- Developer: Synergistic Software
- Publisher: Synergistic Software
- Designer: Jim Lane
- Platform: Apple II
- Release: 1982
- Genre: Multidirectional shooter
- Mode: Single-player

= Bolo (1982 video game) =

Bolo is a video game written by Jim Lane for the Apple II and published by Synergistic Software in 1982. It was inspired by Keith Laumer's 1976 science fiction novel Bolo: Annals of the Dinochrome Brigade, which featured self-aware tanks.

== Gameplay ==

Gameplay screenshot

Upon startup Bolo requests a level number (1–9) and density (1–5); the game then generates a random rectangular maze containing six enemy bases. The higher the density specified, the more walls appear in the maze. The player controls a tank, and must destroy the six enemy bases to advance to the next level. The player can view 1/132 of the maze at one time; indicators on the right side of the screen show the player's position within the maze, the direction of the enemy bases and the fuel remaining.
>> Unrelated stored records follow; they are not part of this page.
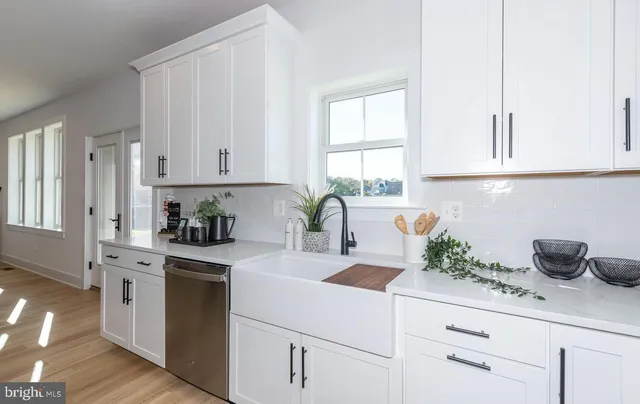 a kitchen with sink stove and wooden floor
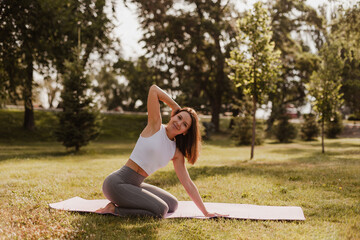 Fototapeta premium full length yoga concept. sporty beautiful woman with dark hair sit on her legs with raised bent hand on yoga mat outdoors at park background in sunset. 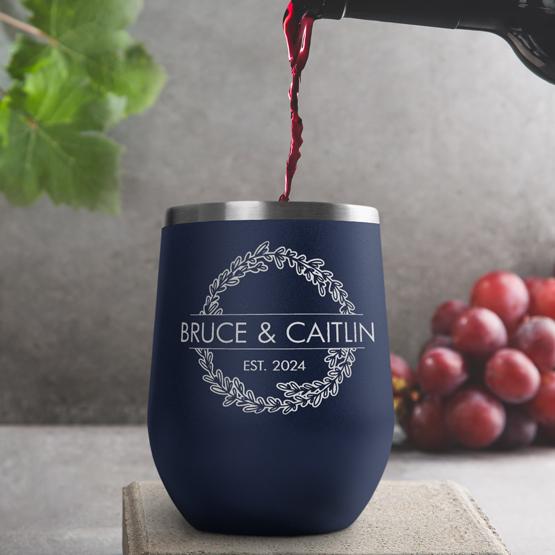 Custom Engraved 12 oz Navy Wine Tumbler pouring wine with a sample engraving for Bruce & Caitlin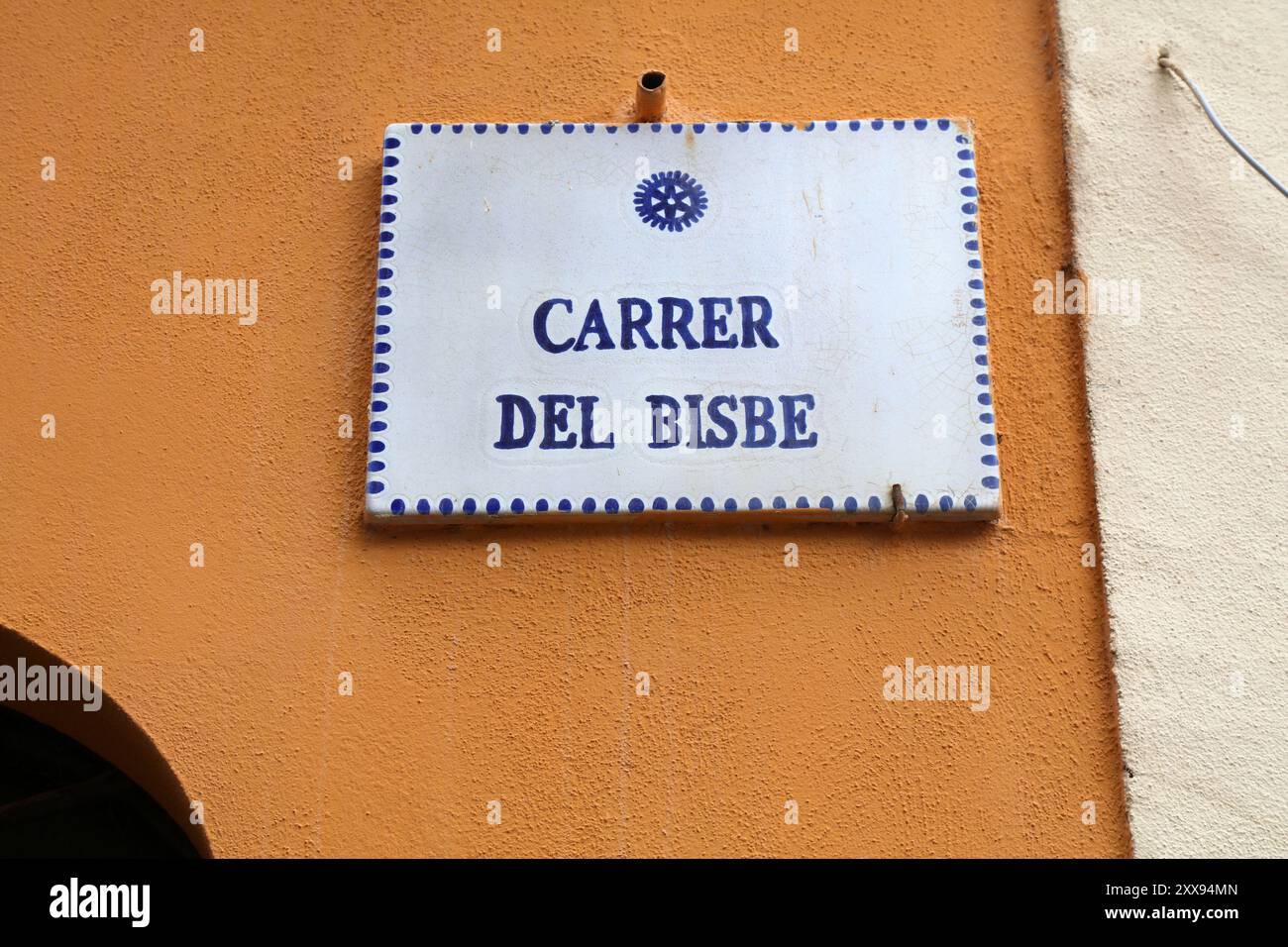 Alghero town in Sardinia island, Italy. Street name sign in Catalan ...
Enemy tanks constantly emerge from each of the six enemy bases. Different levels feature different types of enemy tanks; some move randomly while others pursue the player. All enemy tanks fire deadly shells. If the player collides with a bullet, an enemy base or tank, or a wall, a turn is lost. A turn is also lost if the player runs out of fuel; destroying an enemy base will replenish the player's fuel supply. The player is provided with four tanks per game, and no opportunity is provided to earn more.

Once all six enemy bases are destroyed, the player is presented with a congratulatory message from the Dinochrome Brigade, and a new maze (with the same level and density) is generated.

The player can turn the tank's gun turret with 1 and 2 keys, a necessity in more advanced levels as enemies give chase as fast as the player's tank can move.

Bolo uses pixel-perfect collision detection.

== Reception ==
Softline in 1983 said that Bolo "is a hot game. Who ever said that the only good arcade games were in the arcades? ... Animation, graphics, playability—Bolo is in every way a superior 'game' to Tron". Electronic Games called the game's graphics "a bit plain" compared to Sir-Tech's Star Maze, but "Bolos play-action is, in its way, every bit as entertaining as the earlier game". Bolo tied Choplifter for SoftTalk Magazine's #1 game for the year 1982.

In 2010, Time columnist Lev Grossman ranked Bolo at number three out of "The 10 Greatest Games for the Apple II". Grossman praised the game's fast action, smooth scrolling, elegant graphics and AI enemies.